How should the media tackle the "hierarchy of death" problem?

Hierarchy of death is an apt phrase and lives destroyed in Syria or Yemen are not worth less than lives destroyed in Ukraine. But since the invasion of Ukraine I have actually thought about the possibility of a real nuclear exchange. So this one matters more to me.

Maybe, but your example proved their point anyway. What were you thinking?

By the thing I am saying about agreement is whether a white person being beaten or killed by police is ok.
Is there anyone arguing that Daniel shaver’s death was ok or justified?

Because there are certainly outlets that try to claim or imply George Floyd’s death was justified.

Why is that relevant to the thread? People will debate individual cases all of the time, white or black. How is the fact that there are differences in Shaver v. Floyd’s deaths support what you are saying?

Because what i was arguing against was the logic some were suggesting, that because police brutality against blacks might be getting more coverage right now that it necessarily means society cares more about black injustice.

This is not necessarily the case though. The news is always relative to the knowledge and understanding of the audience, and this kind of violence against blacks is something that has been ignored for decades, and is *still* being denied.

I guess my confusion is because of the OP’s complaint/allegation that if a pretty young white girl disappears, there is a media sensation, but if a black girl disappears, then nobody cares, and the media gives the public what it wants.

You seem to suggest an opposite situation, whereby police violence against blacks is ignored by the public, yet it still gets outsized coverage in the media despite what the public wants.

One of those has to be incorrect.

I don’t think anyone raised the concept of “justified” until you did just now.

I have no doubt that we can find people that will argue pretty much any police killing was “justified” in one way or another.

That’s got very little to do with the current “hierarchy of death” in the media that raises the deaths of black people to a higher level of newsworthyness than the equivalent deaths of white people.

You yourself seemed doubtfull that any white police deaths even were equivalent and you still seem bought in to the calculus that the media is making.

How so? They asked for an example of a police killing of a white man as egregious as George Floyd or Philando Castille. I provided one. (Not that these things can be quantified, but Shaver’s killing was horrific and his murderer got away with it, in part thanks to the authorities hiding evidence from the jury.)
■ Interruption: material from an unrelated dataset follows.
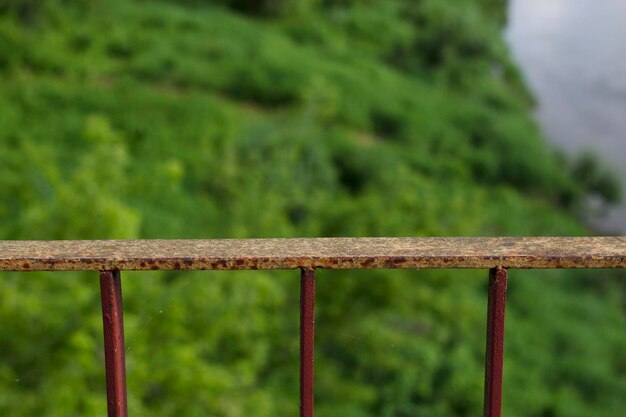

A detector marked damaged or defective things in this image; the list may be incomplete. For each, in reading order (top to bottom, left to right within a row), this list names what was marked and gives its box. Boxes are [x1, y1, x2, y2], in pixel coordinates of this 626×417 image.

rusty top rail [0, 236, 620, 272]
peeling paint on rail [0, 236, 620, 272]
rusty metal railing [1, 237, 624, 416]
No one “hid” any evidence. It is quite common in murder trials that the defense will move to exclude evidence, and the Judge will rule on it. This is part of the justice system.

The cop was fired, he was arrested and arraigned and Tried. The jury thought there was reasonable doubt. That is how justice works. There wasn’t any doubt the cop shot him.

A lot of the body camera footage, including the bits that showed Shaver pleading as he tried to follow contradictory commands, was only released after the trial.

Yes, because the judge excluded it during the trial, due to a defense motion. Perfectly cromulent and common.

This is ridiculous, but I’m not going to waste a nice Sunday afternoon arguing about it on the internet.

I have watched a lot of media. It is obvious that today’s atrocity must be worse than yesterday’s atrocity to be considered an atrocity.

Fully agree with this. Let Capitalism work it out. Like how China silenced Richard Gere for speaking out for Tibet; essentially ending his movie career. Or how China has stopped Hollywood from having Asian guys in the role of movie villains, or how China made the NBA apologize publicly.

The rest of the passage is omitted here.